**WORK TO COMPLETE**. Range to repeat from the listing below: the line containing "English silk on" down to the line containing "29 Brown and", both included. Copy it exactly, pictures excluded, and add nothing else.

**DATA SECTION**.

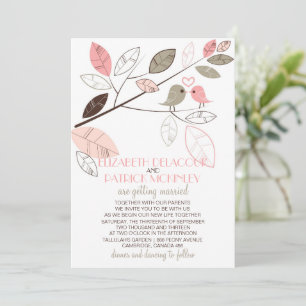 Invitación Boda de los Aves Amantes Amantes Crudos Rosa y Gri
==
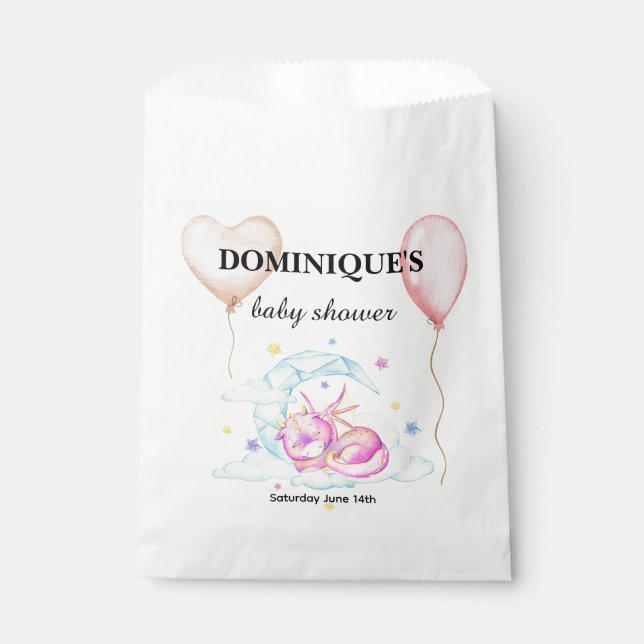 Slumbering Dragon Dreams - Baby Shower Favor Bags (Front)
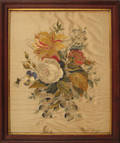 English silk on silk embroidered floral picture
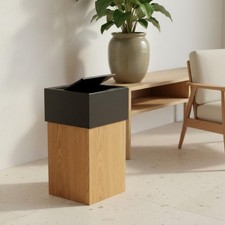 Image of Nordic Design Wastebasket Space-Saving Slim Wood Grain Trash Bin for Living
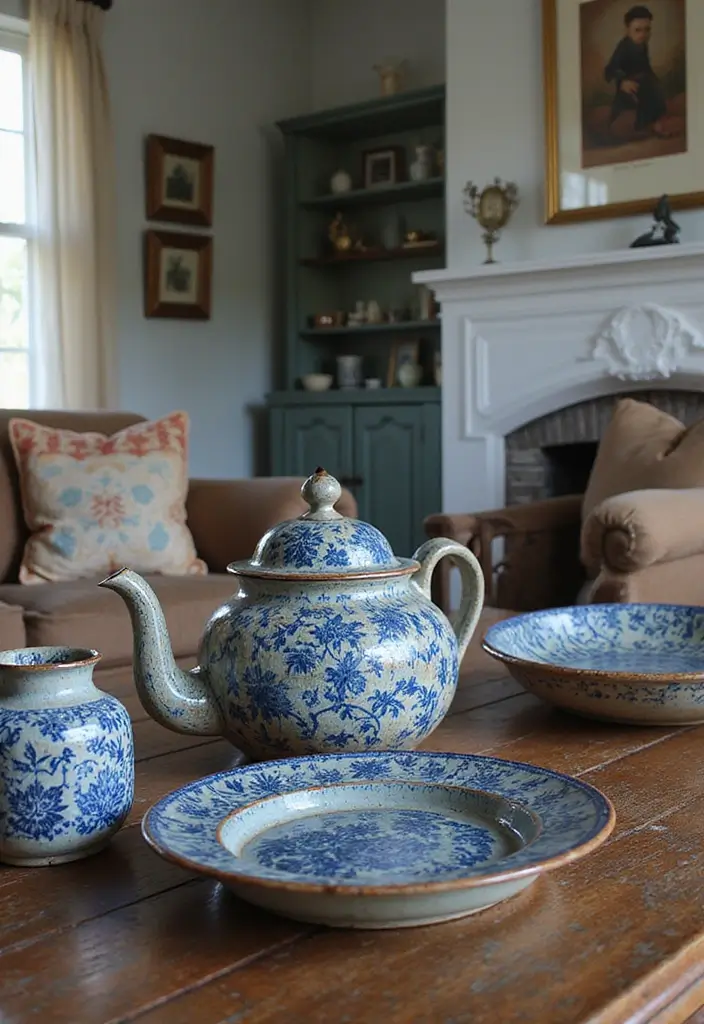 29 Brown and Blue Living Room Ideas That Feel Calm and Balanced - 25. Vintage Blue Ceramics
...
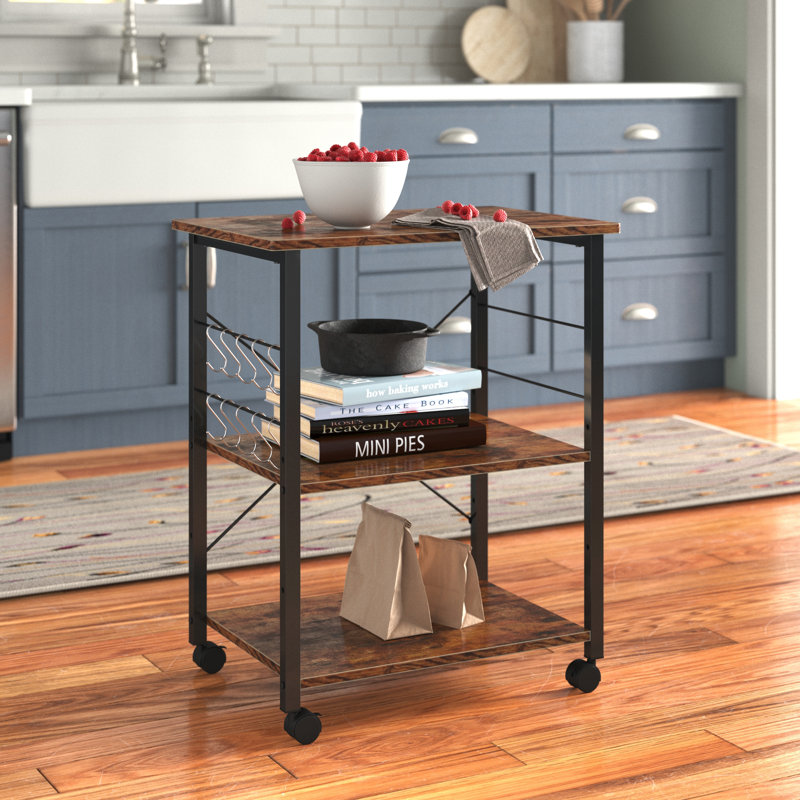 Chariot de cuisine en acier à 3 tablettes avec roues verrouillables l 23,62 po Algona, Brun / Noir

**YOUR SOLUTION**.
 English silk on silk embroidered floral picture
 Image of Nordic Design Wastebasket Space-Saving Slim Wood Grain Trash Bin for Living
 29 Brown and Blue Living Room Ideas That Feel Calm and Balanced - 25. Vintage Blue Ceramics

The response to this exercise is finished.